ムジカの写真帳

世界はキラキラおもちゃ箱・写真館
写真に俳句や短歌を添えてつづります。

神のささやき

2018-10-08 04:13:32 | 短歌





われになき ものとなりたや 人草の 藁の胸打つ 神のささやき





*これは昨日作ったものです。わたしたちのインスタグラムでは、時々おもしろい作品に歌をさしあげていますが、これはポートレートをたくさん描くある画家さんの作品群に対して贈ったものですね。

画家は本物なのですが、描く人物のモデルがほとんどみんな偽物の人間なので、彼がその作品をたくさん並べてみると、まるで人類の偽物の図鑑のようで、おもしろいのです。いえ、人間の迷いの図鑑というべきか。
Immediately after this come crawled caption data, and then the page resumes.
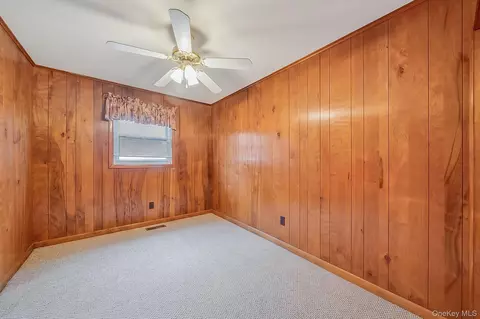 Bedroom - 1 E Jackwill Rd, Brookhaven, NY 11772 photo 2 of 3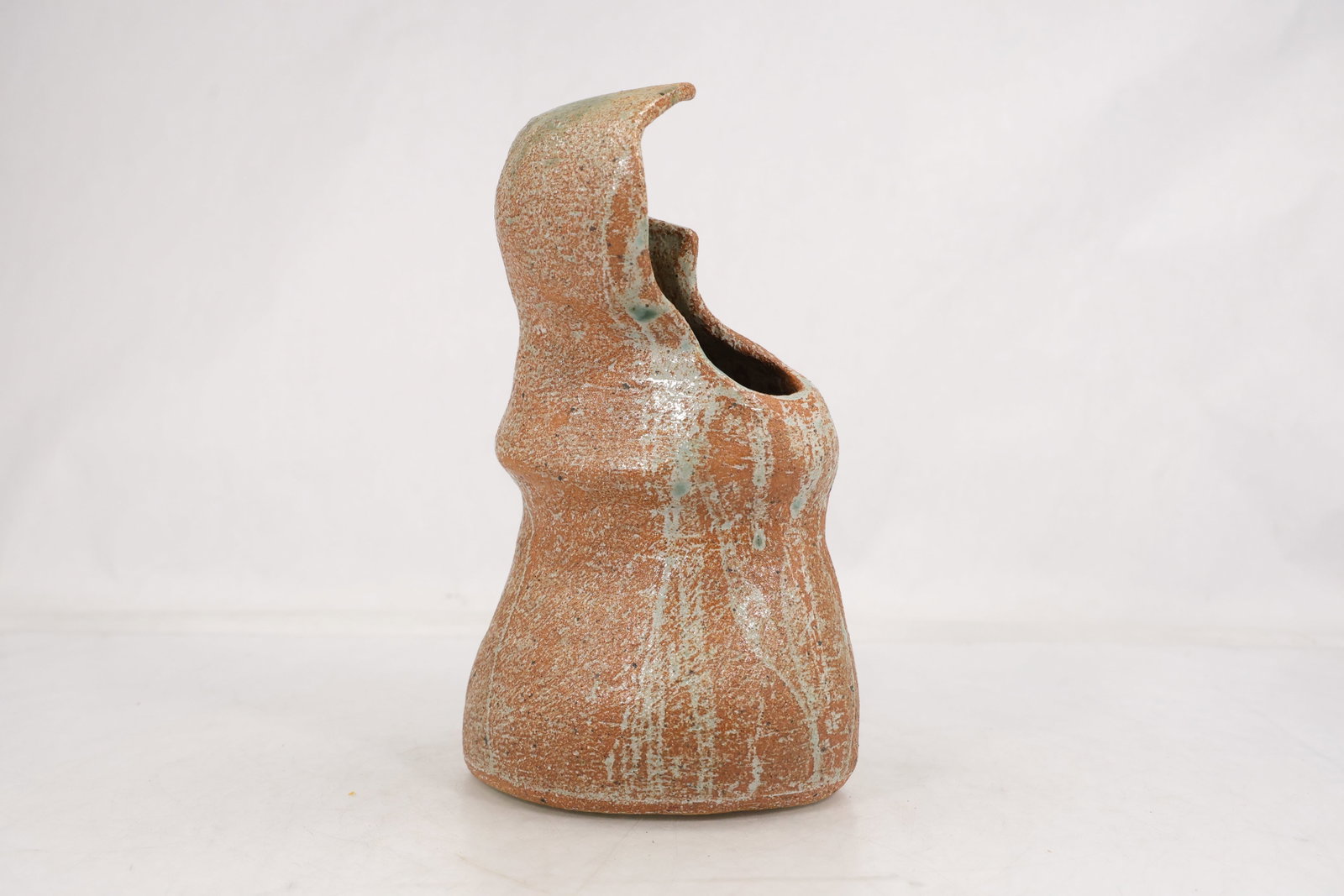 Mid Century Studio Pottery Bird Sculpture: Mid century studio pottery sculpture modeled as a stylized bird with an upright head curved beak and rounded body. The warm brown and tan surface has a softly textured glaze and the photographed under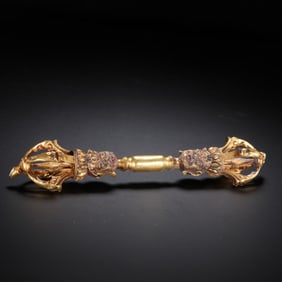 A TIBETAN BRONZE-GILT VAJRA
みんな、自分以外の誰かの顔をかぶって生きている人間の、何と言いますか、矛盾というか、かすかなイラ立ちというか、そんなものを画家が正確に写し取って描いているのがおもしろいのです。

藁の胸とは、人間のデリケートな願望を意味します。ほんとはこんなことは馬鹿だとわかっている。人の顔を盗んで自分にそれを張り付けて、その顔を生きることなど。だが自分がつらくてたまらない人はそれをやらずにいられない。そういう人間の弱さというか、ずるさというものが、その画家さんの描くポートレートには描き出されているのです。

見ていると苦しいですよ。これが自分だと言いたげにこちらを向いている人間の顔が偽物なのです。自分を少しでもよく見せるために、人工的に顔をつくっている。ほんとうはもっと不細工なのに、絶妙な線でごまかして、なんとか美形にしようとしている。そんなことが全部見えるのに、ごまかせると思って自信ありげに微笑んでいたりする。

自分ではないものになりたいという、藁のようにあほらしい君の願い。その胸に神がささやいているよ。

神はなんとささやいているでしょう。なんとなくわかっている。それは本当の自分じゃないだろう。ほんとうの君は、そんなやつじゃないだろう、と。

それは聞こえない声で、常にその人にささやいているのです。